Несколько лет назад государство явилось ко мне от имени церкви и повелело платить определенную сумму для поддержки священников, чьи проповеди посещал мой отец, но никогда — я сам. «Плати, — было сказано, — или попадешь в тюрьму». Я отказался платить. Но, к несчастью, другой человек счел нужным заплатить за меня. Я не понимаю, почему школьный учитель должен платить налог на нужды священника, а не священник — учителя; я не был государственным школьным учителем, но я собирал себе средства по свободной подписке. Я не понимаю, почему бы школе не предоставить собственные претензии на налог и не заставить государство удовлетворить ее потребности также, как и церкви. Однако, по просьбе некоторых близких, я унизился до составления некоего заявления в следующих выражениях: «Настоящим заявляю ко всеобщему сведению, что я, Генри Торо, не желаю считаться членом любого корпоративного сообщества, в которое я не вступал». Я вручил это городскому клерку, и он хранит его. Государство, извещенное таким образом, что я не желаю считаться членом этой церкви, с тех пор никогда не предъявляло мне подобных требований, хотя оно и заявило, что будет строго придерживаться своих положений. Если бы у меня был полный перечень, я бы отказался от членства во всех обществах, в которые не вступал, но я не знал, где найти его.
Я не платил подушный налог шесть лет. Однажды из-за этого меня посадили в тюрьму на одну ночь [16] Семейная легенда приписывает этот денежный взнос, освободивший Торо из тюрьмы, его теткам.
, и, пока я находился там, рассматривая каменные стены двух или трехфутовой толщины, деревянную дверь толщиной в фут, окованную железом, и железную решетку, заслонявшую свет, я не мог не поражаться глупости того общественного устройства, что рассматривало меня просто как кусок плоти с кровью и костями, который можно запереть. Я полагаю, они наконец-то решили, что нашли мне наилучшее применение, но жаль, что они не додумались воспользоваться моими услугами каким-либо иным образом. Я думал о том, что если бы между мной и моими согражданами была бы действительно каменная стена, то им бы пришлось с большими трудностями перебираться или пробиваться через нее, чтобы стать такими же свободными, как и я. Ни на мгновение я не чувствовал себя заключенным, а стены являли собой пустую трату камней и раствора. У меня было ощущение, что я один из всех моих сограждан заплатил налог. Они просто не знали, что делать со мной, и вели себя как невежды. В каждой угрозе и в каждой похвале была грубая ошибка, потому что они думали, что мое главное желание — быть по ту сторону этой каменной стены. Я не мог не улыбаться, глядя как старательно запирали они мои мысли, которые однако не испытывали никаких помех, а ведь именно они и были опасны. Что ж, поскольку мысли им не доступны, они решили наказать мое тело, как мальчишки, обижающие собаку человека, на которого они затаили зло. Я понял, что государство страдает слабоумием, что оно отжило свой срок, как старая дева со своими серебряными ложками, и уже не отличает друзей от врагов, и тогда я потерял к нему остатки уважения и пожалел его.
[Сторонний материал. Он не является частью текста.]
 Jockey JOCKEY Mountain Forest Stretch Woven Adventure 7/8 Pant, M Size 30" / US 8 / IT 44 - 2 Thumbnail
Вот почему государство не в состоянии что-либо предпринять против человеческого сознания, интеллектуального или морального, а только против его тела и его чувств. Оно не обладает верховной мудростью и честностью, а имеет только превосходящую физическую силу. Но я не рожден для принуждения. Я хочу жить на свой собственный лад. Посмотрим, кто сильнее. Разве толпа обладает силой? Она может лишь физически уничтожить меня, того кто повинуется высшему закону. Она хочет вынудить меня стать подобным ей самой, но я не слышал о Людях, которых толпа заставила бы жить тем или иным образом. И что это за жизнь? Когда я сталкиваюсь с правительством, которое заявляет: «Кошелек или жизнь», — почему я должен торопиться отдать ему свои деньги? Может быть, оно в большом затруднении и не знает, что делать, но мне нечем ему помочь. Оно должно учиться само себе помогать: как это делаю я. И не стоит причитать по этому поводу. Я не отвечаю за успешную работу общественного механизма. Я не сын инженера. Ведь понятно, что, когда желудь и каштан падают рядом, то ни один не может уступить дорогу другому, но оба, повинуясь собственной природе, пускают корни, растут и расцветают, пока кто-нибудь из них, случайно, не затенит другого. Если растение не может жить в соответствии со своей природой — оно умирает. Точно также и человек.